One way to earn a second income is to build a portfolio of blue-chip shares that pay out dividends.
How much an investor needs to invest to meet a particular target depends on a few things. One is the prospective dividend yield at the time of investing. Another is whether that prospective yield ends up being delivered. After all, no dividend is ever guaranteed.
Understanding the role of dividend yield
Let’s start with yield.
At a 10% yield, a £5,000 annual second income would require investing £50,000. At a 7.5% yield, it would take £75,000. At a 5% yield, the amount required rises to £100,000.
So, does it make sense just to invest in 10% yielders, such as FTSE 100 insurer Phoenix (LSE: PHNX)?
Maybe – but maybe not.
Just investing on the basis of yield alone is a mug’s game. Dividends can be cut or cancelled — so the prospective yield today can end up being very different to the actual yield in future.
That said, I could be interested if a good company selling at an attractive share price also offers a high yield. I do not invest just because of yield. But equally, I would not be put off just by a high yield.
In fact, it could make the share more attractive for me when it comes to building a second income.
Quality first and foremost
Phoenix is a case in point, as it is a share I think investors should consider.
The company operates in a large, complex market. That complexity acts as a barrier to entry, although there are still plenty of rivals in the insurance market.
But Phoenix has a number of advantages. One is its large customer base, numbering around 12m. Another is its collection of trusted brands, including Standard Life and SunLife. It also has a proven business model that has helped underpin annual dividend growth in recent years, a feat the firm aims to replicate in coming years.
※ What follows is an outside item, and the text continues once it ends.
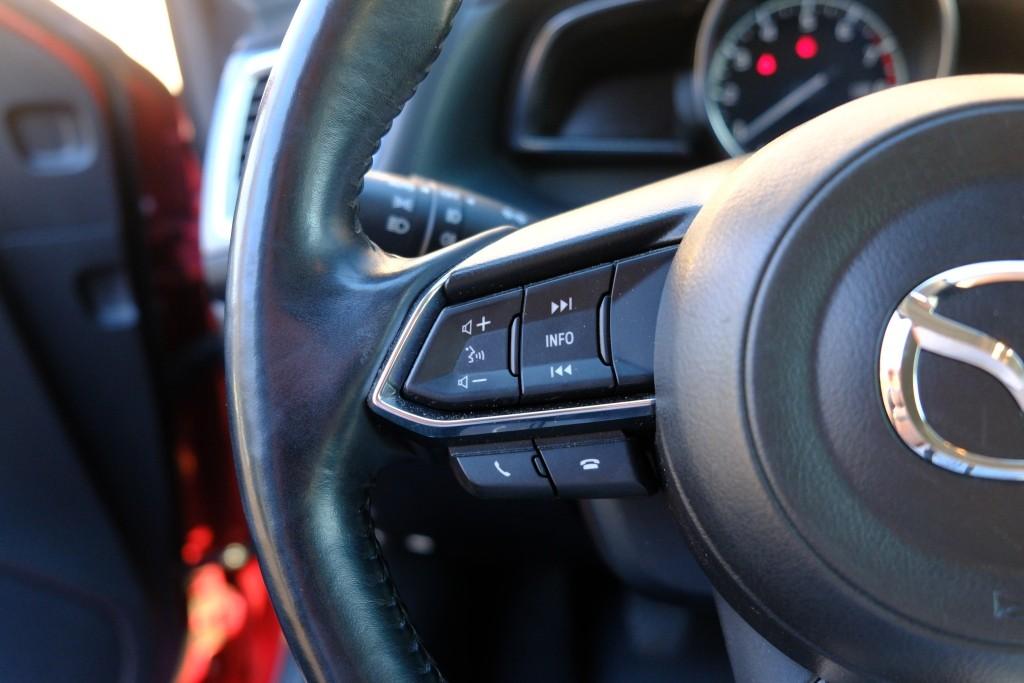 Mazda 3 2.0 SkyActiv-G 120pk SkyLease GT | Navi | Cruise | Camera | Winter-Pakket | Keyless | Leer | Head-Up Display afbeelding 9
No share is risk-free and a double-digit yield does make me wonder if I have missed something other investors see as a big risk.
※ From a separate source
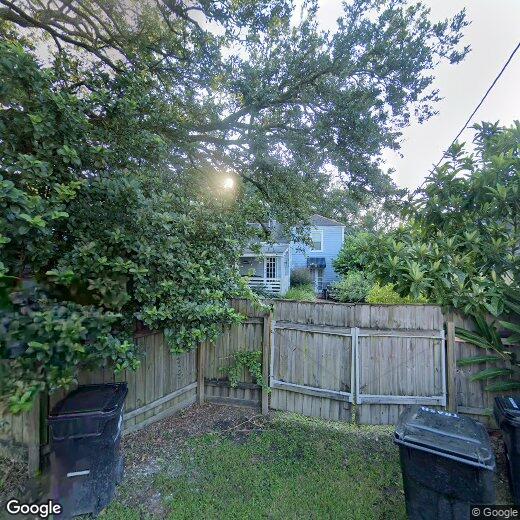 Primary Photo - 5870 Vicksburg St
One concern I have is the impact any property market downturn could have on the valuation assumptions used in Phoenix’s mortgage book. If those assumptions need to be revised, that could be bad news for profits.
Spreading the risk
Overall, though, I see a lot to like about the investment case for Phoenix.
But things can change, so no matter how much I like a share I always keep my portfolio diversified. With the average FTSE 100 yield currently hovering around 3.6%, a 10%+ yield is exceptional. A 7.5% average yield, however, is less exceptional.
I think I could aim for a £5k annual second income investing £75k in the current market. I am not doing that all at once, but bearing in mind annual ISA allowances, am building up to it over time.